Data to examine START

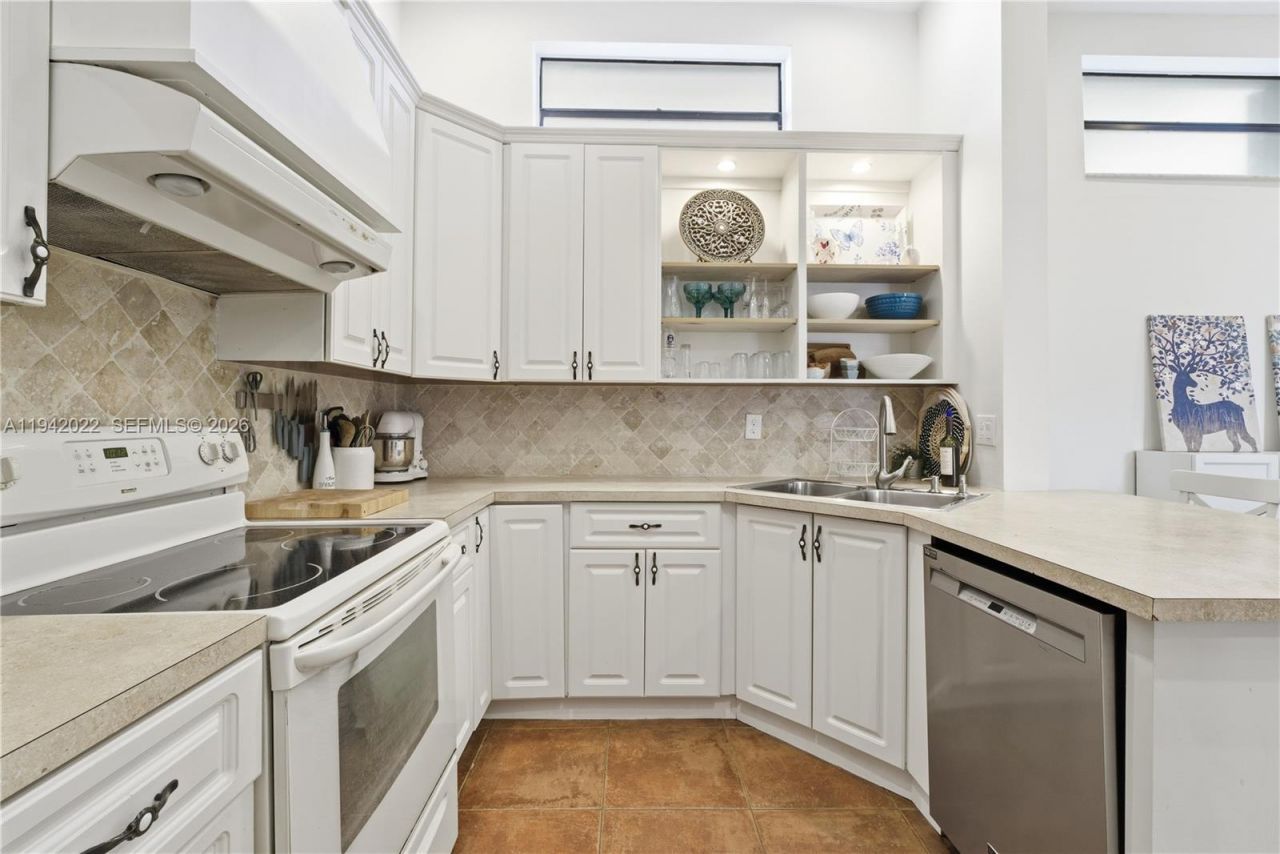 575 Lakeside Cir, Sunrise, FL 33326 Photo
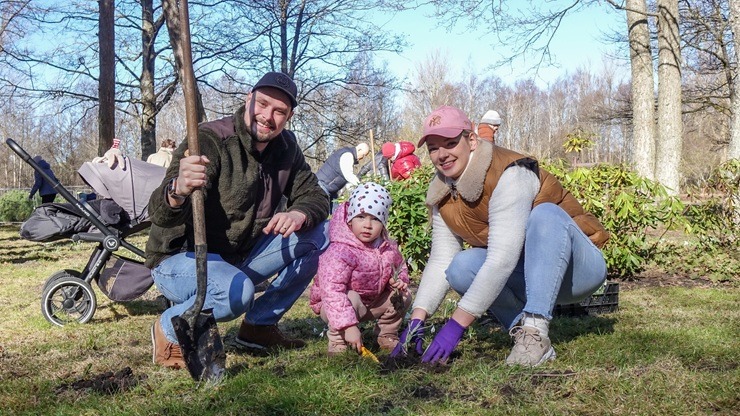 Jūrmalas parkā jau divpadsmito gadu pēc kārtas: Sniegpulkstenīšu stādīšanas talka 388824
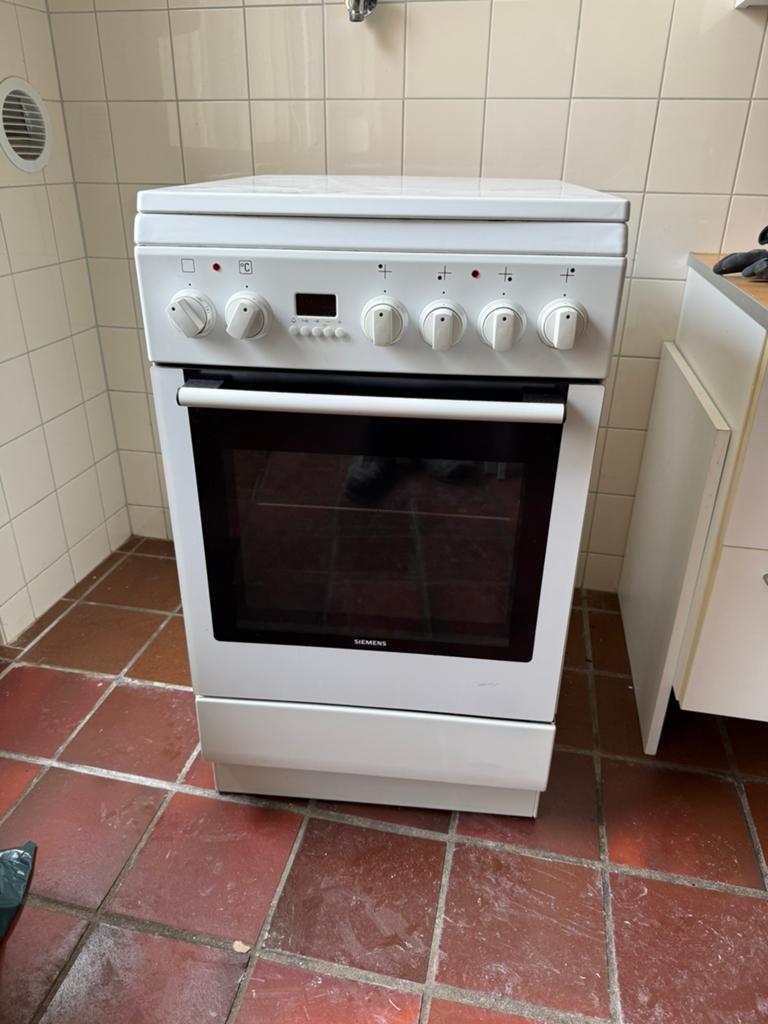 Siemens gasfornuis + oven, Witgoed en Apparatuur, Fornuizen, Ophalen, Gebruikt, Minder dan 85 cm, 4 kookzones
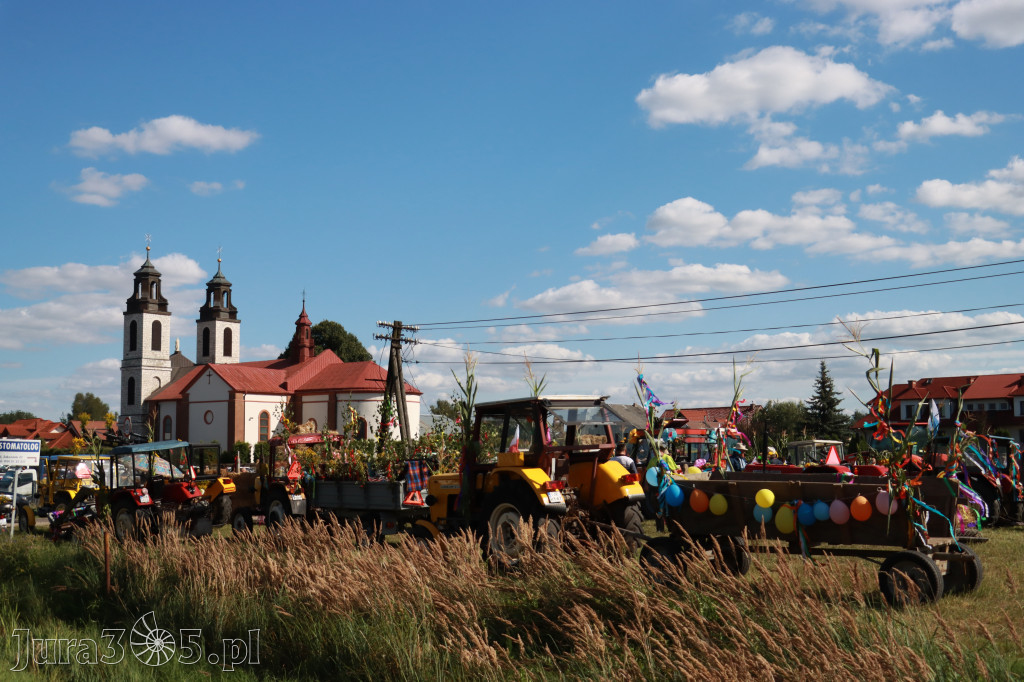 Fotorelacja: Korowód dożynkowy i Parada Ciągników w Kroczycach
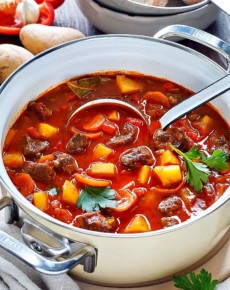 Omas Gulaschsuppe ungarischer Art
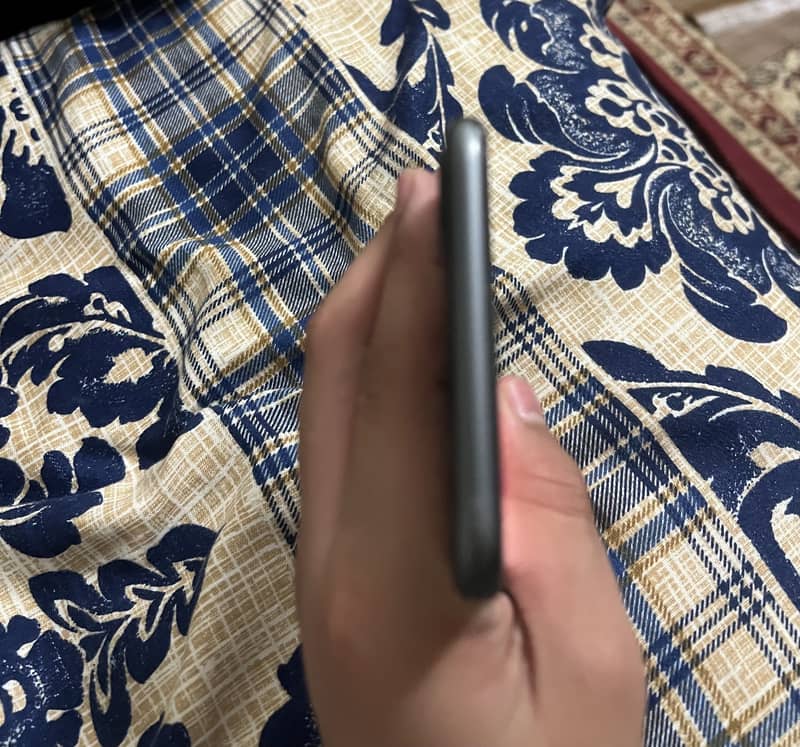 Apple iPhone 8 Plus 1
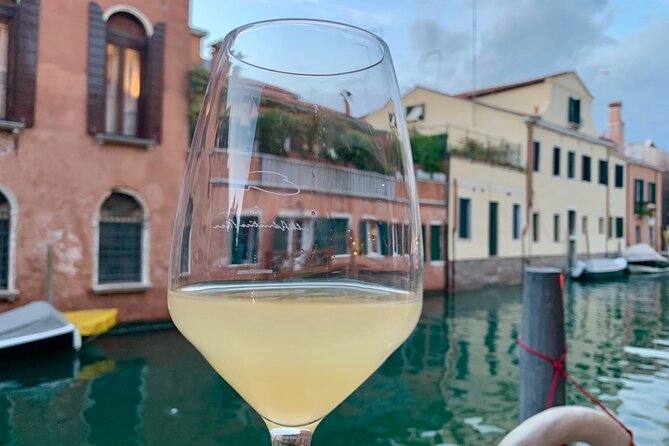 A Venetian Evening: Wine Tasting and Cicchetti with a Local Guide - Why Dorsoduro and the Frari wine-bar zone is such a good choice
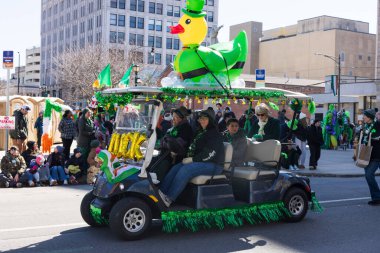 Scranton, PA - 8 Mart 2025: Lackawanna İlçe Adliyesi Meydanı 'ndaki St. Patrick Geçit Töreni' nde eğlenen insanlar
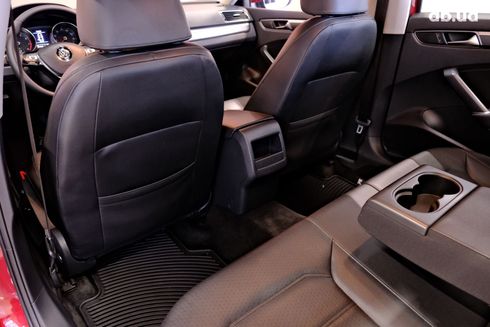 Volkswagen Passat 2017 - фото 8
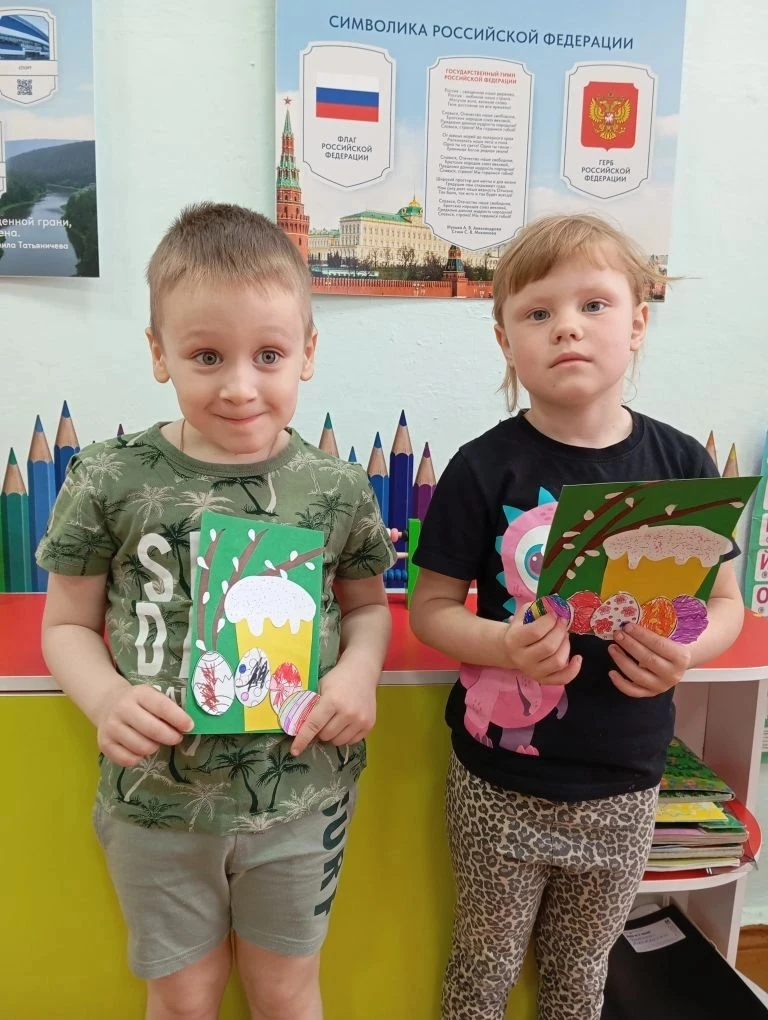 Пасха светлый, добрый праздник,
Праздник счастья, красоты.
Он несет нам всем надежду.
Чтоб добрее ст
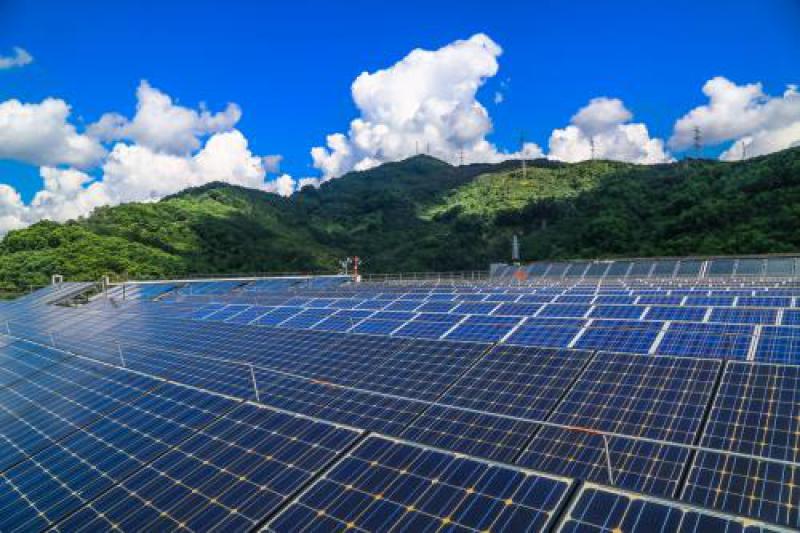 二連浩特7月光伏發(fā)電量2022.72萬(wàn)千瓦時(shí)，同比下降6.2％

Data to examine END

Needed here is a verbatim copy of the data from the first line through the line with "Apple iPhone 8 Plus 1", without pictures.

Response below
 575 Lakeside Cir, Sunrise, FL 33326 Photo
 Jūrmalas parkā jau divpadsmito gadu pēc kārtas: Sniegpulkstenīšu stādīšanas talka 388824
 Siemens gasfornuis + oven, Witgoed en Apparatuur, Fornuizen, Ophalen, Gebruikt, Minder dan 85 cm, 4 kookzones
 Fotorelacja: Korowód dożynkowy i Parada Ciągników w Kroczycach
 Omas Gulaschsuppe ungarischer Art
 Apple iPhone 8 Plus 1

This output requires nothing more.